Removing the Vineyard
What it really took to clear the land and start fresh
When we bought the property, it was still set up as a vineyard—rows and rows of old vines, dripper lines, wires, and thousands of timber posts. At first glance, the infrastructure looked solid, but most of it had seen better days. We knew from the start we weren’t going to keep it. We had different plans for this land.
What we didn’t know was just how long it would take to clear it all. Two and a half years, in the end.
Being a farmer, I already had the tractor and gear needed to take it on ourselves—something that made the whole job possible. We chipped away at it between cropping seasons, project by project, until eventually, it was all gone.

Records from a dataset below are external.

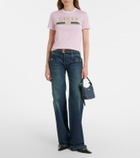 Gucci Lady Lunetta GG Small denim shoulder bag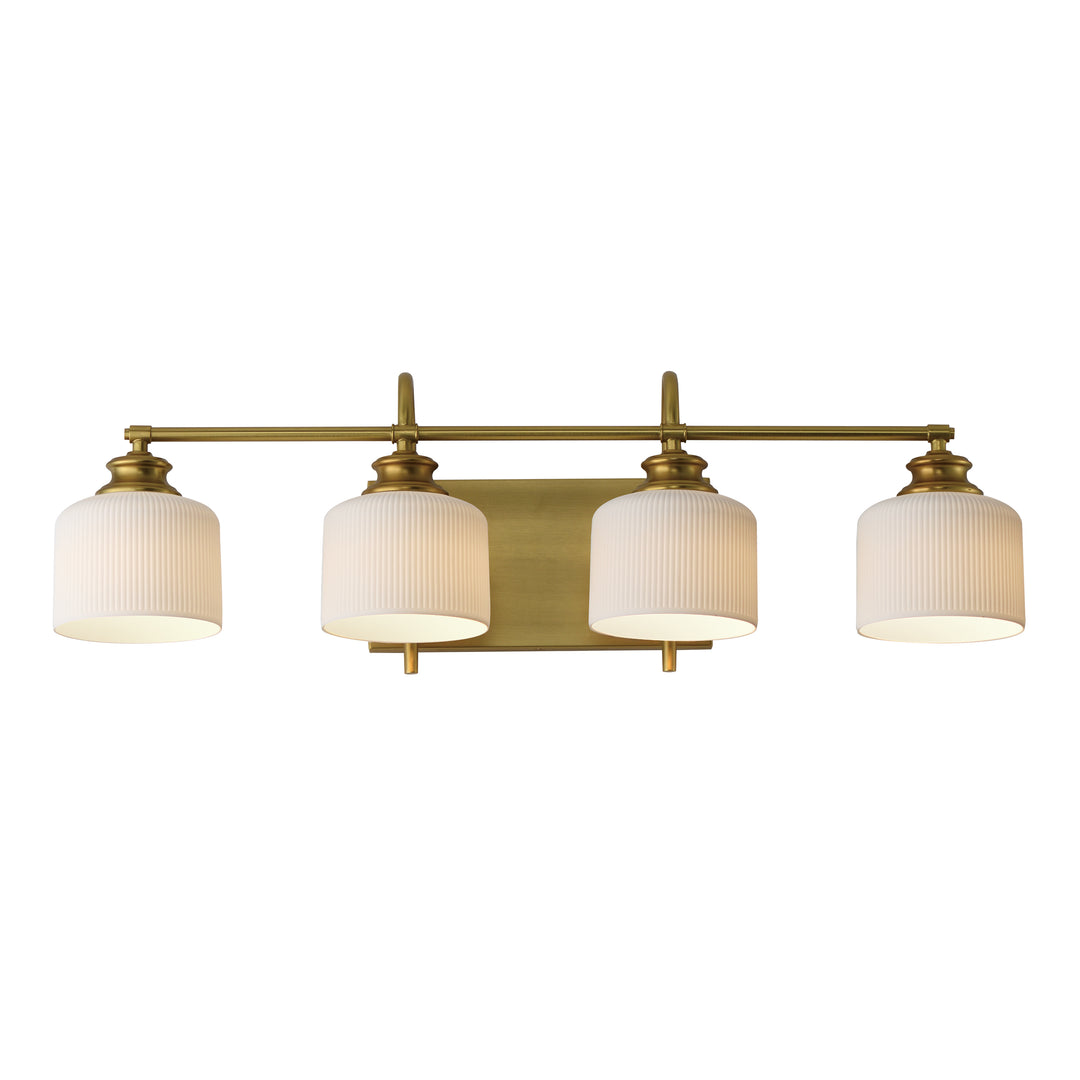 Bisque Bath Vanity White / Natural Aged Brass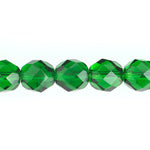Fire-Polished 8mm Round Beads - Transparent Green Shades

We started with the wire. Kilometres of it, all needing to be rolled up and hauled out. We took load after load to the scrap yard and ended up dropping off around 20 tonnes. The dripper lines came next. Some of it was too worn out to reuse, so we recycled what we could. We held on to the better stuff and sold the rest to other growers looking for a quality, budget-friendly setup.
Then came the posts—about 40,000 timber ones in total. We kept a good amount of them for ourselves, using them to build new fences for our livestock and simple timber shelters around the farm. The rest we gave away. Over a few months, trailers, utes, and trucks came rolling in. Most of them were fellow hobby farmers or folks working on their own projects, so the conversations were always good. In fact, giving away those posts led to the start of our beekeeping journey—but that’s another story.
The vines themselves were the last to go. We pulled them out and stacked them up for burning. They sat in piles through the year until winter, when it was finally cool and safe enough to light them up.
Clearing the vineyard wasn’t glamorous work. It was dusty, repetitive, and sometimes felt never-ending. But it gave us a clean slate—a proper blank canvas to start building Rustic Harvest the way we wanted.